Saturday 5 December 2015

Bowling for Bridget.

Found another Little Caesars and found a reason to go in (dinner) and we bought everything they had ready (hot-n-ready? WTF YES PLEASE) and brought it home and after fifteen minutes in the oven to get things back to piping hot (we don't live near town) we were happily eating. So happily. I'm currently plotting a crazy bread revolution. Because damn. Ben pulled me onto his lap as I was clearing plates and held a leftover box up with the other arm and said, she weighs this much more now. He was rewarded with the sort of adoring laughter that used to meet Cole head-on across the dinner table with the same crowd.

It kind of weirded me out but I was so sluggish from the pizza that my brain crawled along at the pace of a turtle and I let it be dismissed along with my hunger.

Lochlan used to look for the good in being hungry. He quoted Hemingway. He would have me count streetlights or highway markers or hours or stars until food. He sometimes had to stretch them out more than he wanted. Cole never wasted a minute on hunger.
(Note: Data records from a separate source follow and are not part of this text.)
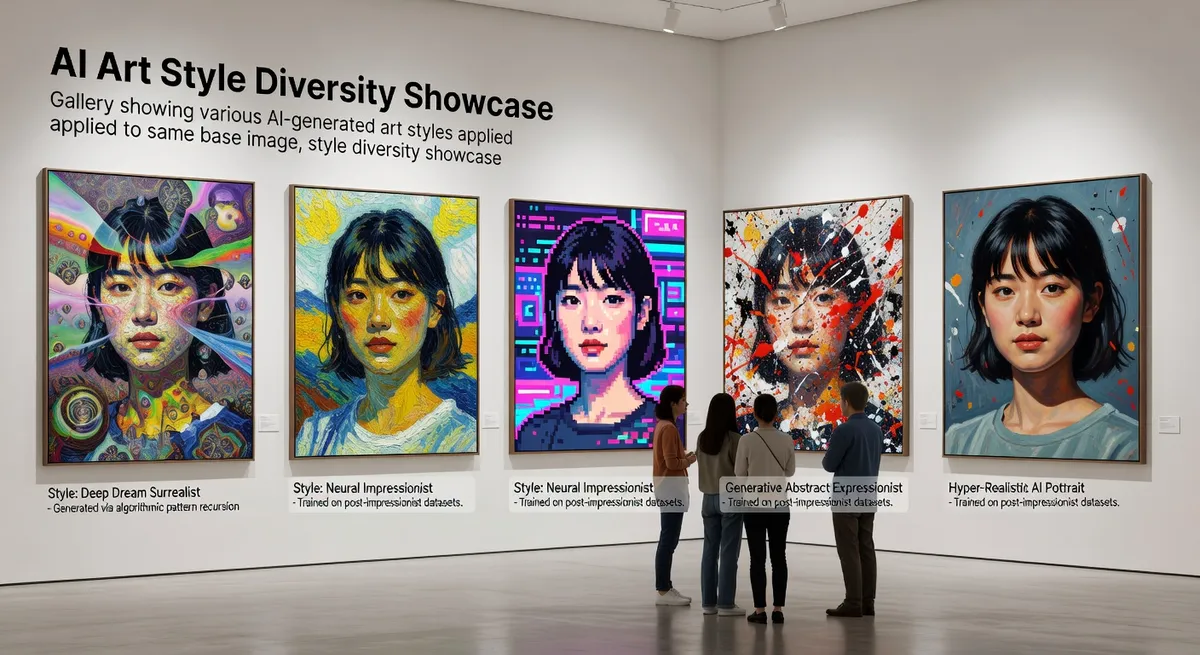 Gallery display showing various AI art styles applied to same base photograph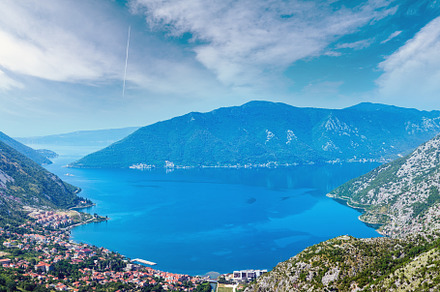 Kotor town on coast  (Montenegro, Bay of Kotor), a Nature Photo by YuriyB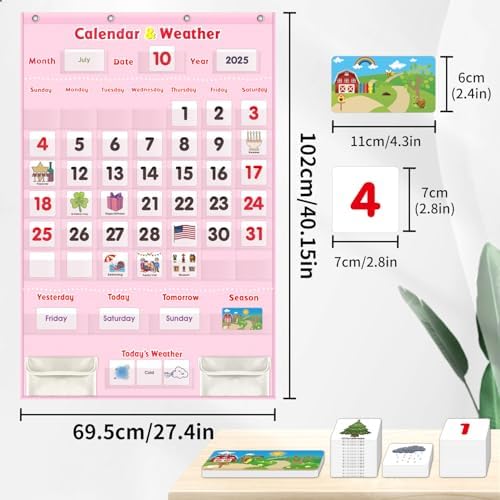 Interactive Calendar for Kids - Learning Calendar Wall Chart with Daily Weather, Seasons for Toddlers Preschool - Homeschool Classroom Must Haves Supplies for Circle Time Morning Board (Pink)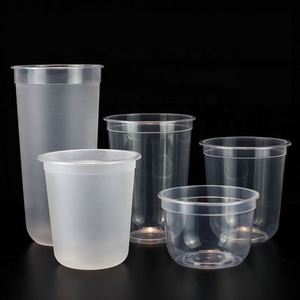 Custom Logo Disposable Clear Single Wall 90mm Injection <b>Cups</b> Pearl Milk Tea Frosted Matted Flat <b>Cup</b> <b>Plastic</b> PP U Shape Hard - Product Image 5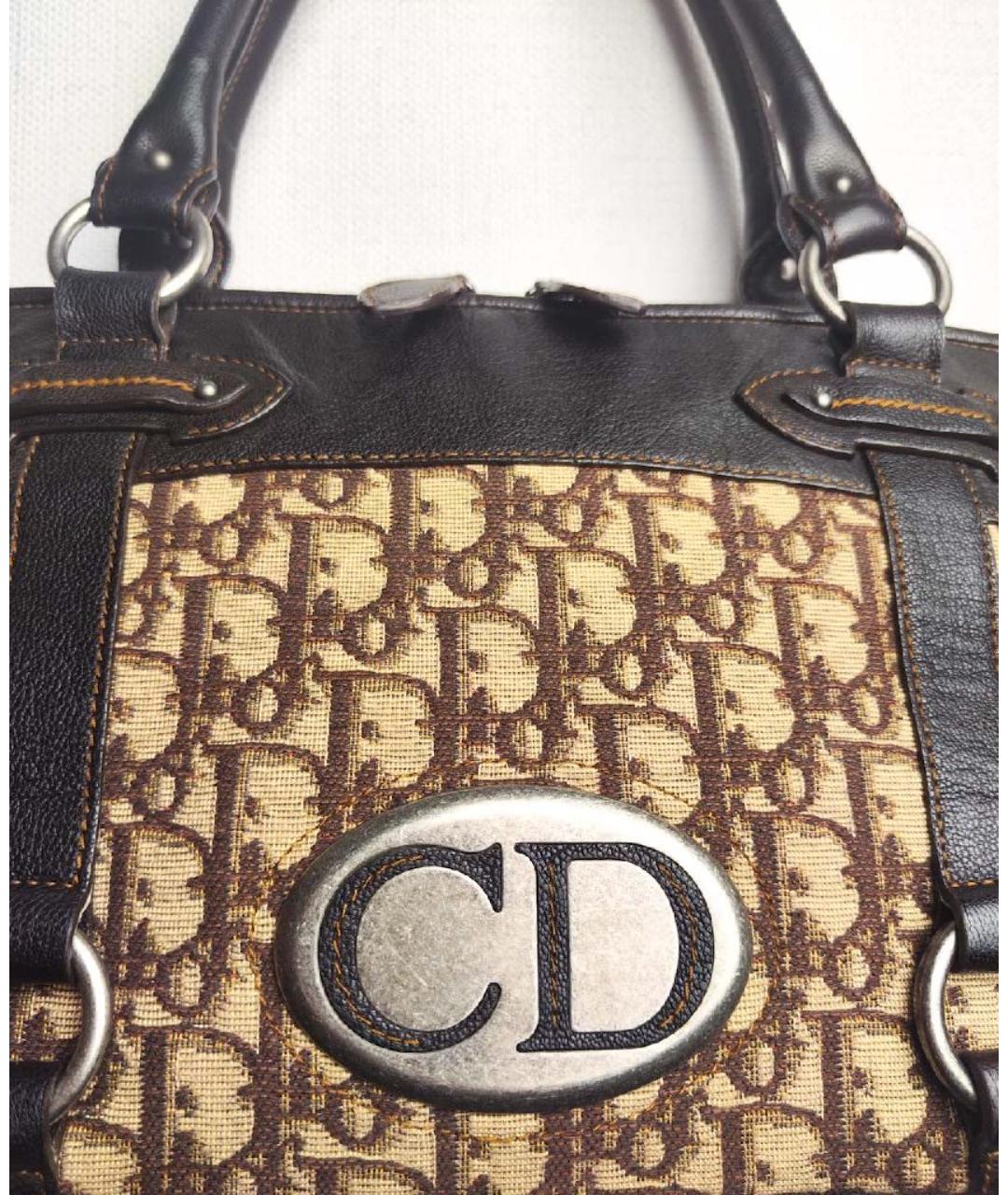 CHRISTIAN DIOR Коричневая жаккардовая сумка тоут, фото 6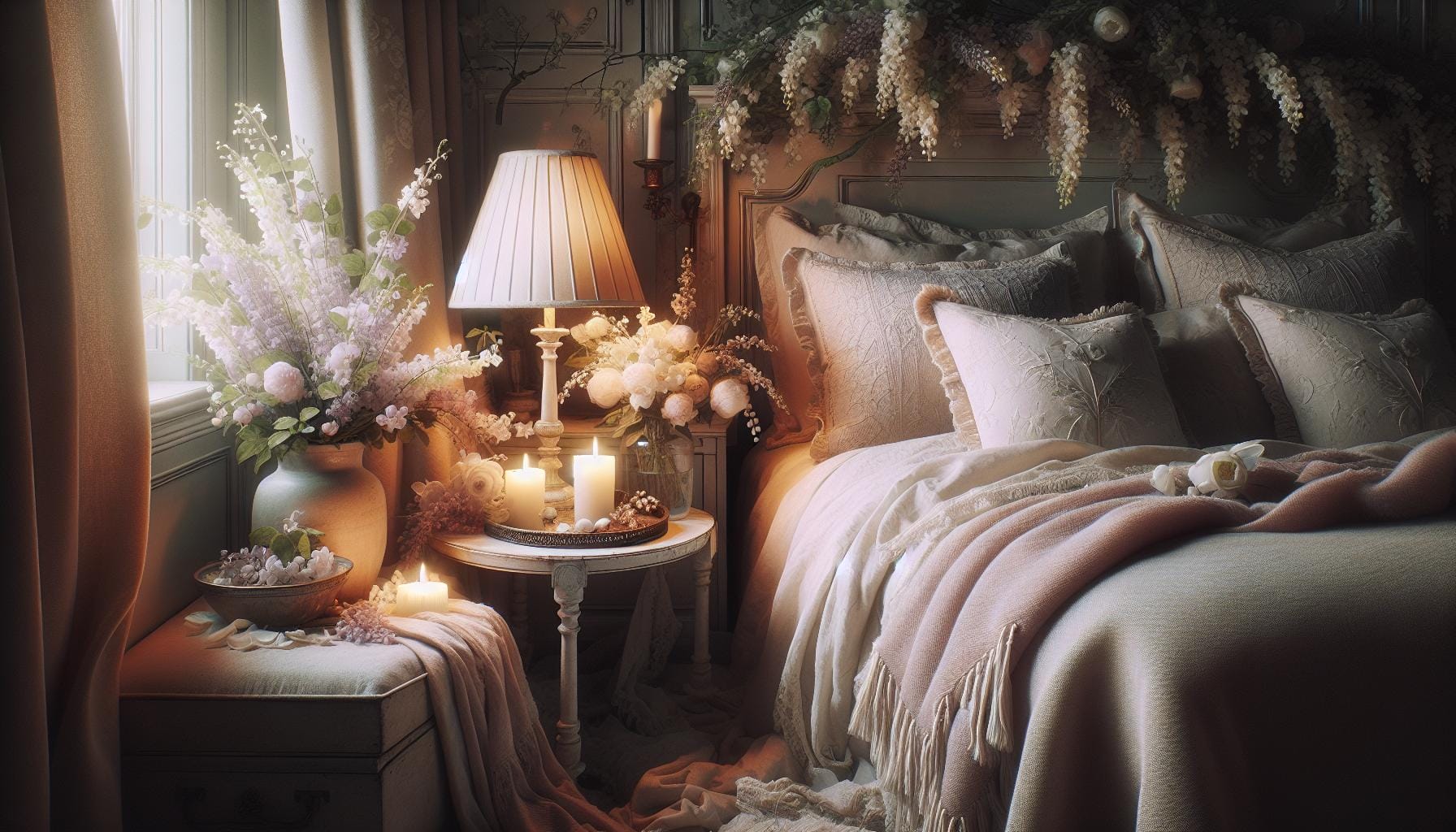 A cozy bedroom with a neatly made bed, a table holding candles and flowers, soft lighting from a lamp, and floral decorations creating a serene atmosphere.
If he asked at three in the morning and I nodded that I was hungry he would go make something or go out and get takeout for me.

Ben is sometimes a lot more like Cole than anyone else but only in the good ways.

Or I mean mostly in the good ways.

Ben released me but took the plates when he stood up and told me to go check in on Sam and Matt to see if they wanted some of the pizza we had left and I went down and knocked on their door. No one answered so I knocked again. I heard Sam tell me to come in and so I went inside and walked down the hall looking for him. I finally found him in their bedroom. He was sitting on the side of the bed. The closet was almost empty, and so were half the bureau drawers and Sam was holding an open bottle of whiskey. I don't know if he had any but I have to assume he did.

He's gone. He's gone like Lisabeth and I'm alone now except for God. 

And he threw the bottle at me and I didn't even duck or close my eyes.

It knocked me down and then shattered all over me and the wall in the process and Ben came downstairs and Sam was saying sorry to him but Ben told him to shut the fuck up and called for the rest who were more than a little surprised because Sam has been sober forever without so much as a flinch in the wrong direction. Even through the miscarriages. Through everything. I tried to point out what seemed so obvious and boy, was that dumb.

You really loved him.

No. I really love you. That's the problem. And I didn't drink it. Not a drop.

Everyone turned and looked at me as I sat on the floor in a pool of glass and whiskey and I didn't know what to do except wish there was a rewind button for life so we could say oops and roll it back and get another chance.

I believe him. He's a truthful kind of guy.

Now that he's upstairs in the kitchen drinking coffee with my army in the relative safety of the knowledge that as long as you admit your feelings up front you can stay here forever. Apparently that's all I ask for. Your soul (because I don't have one of my own) and your undying loyalty (because I'm scared).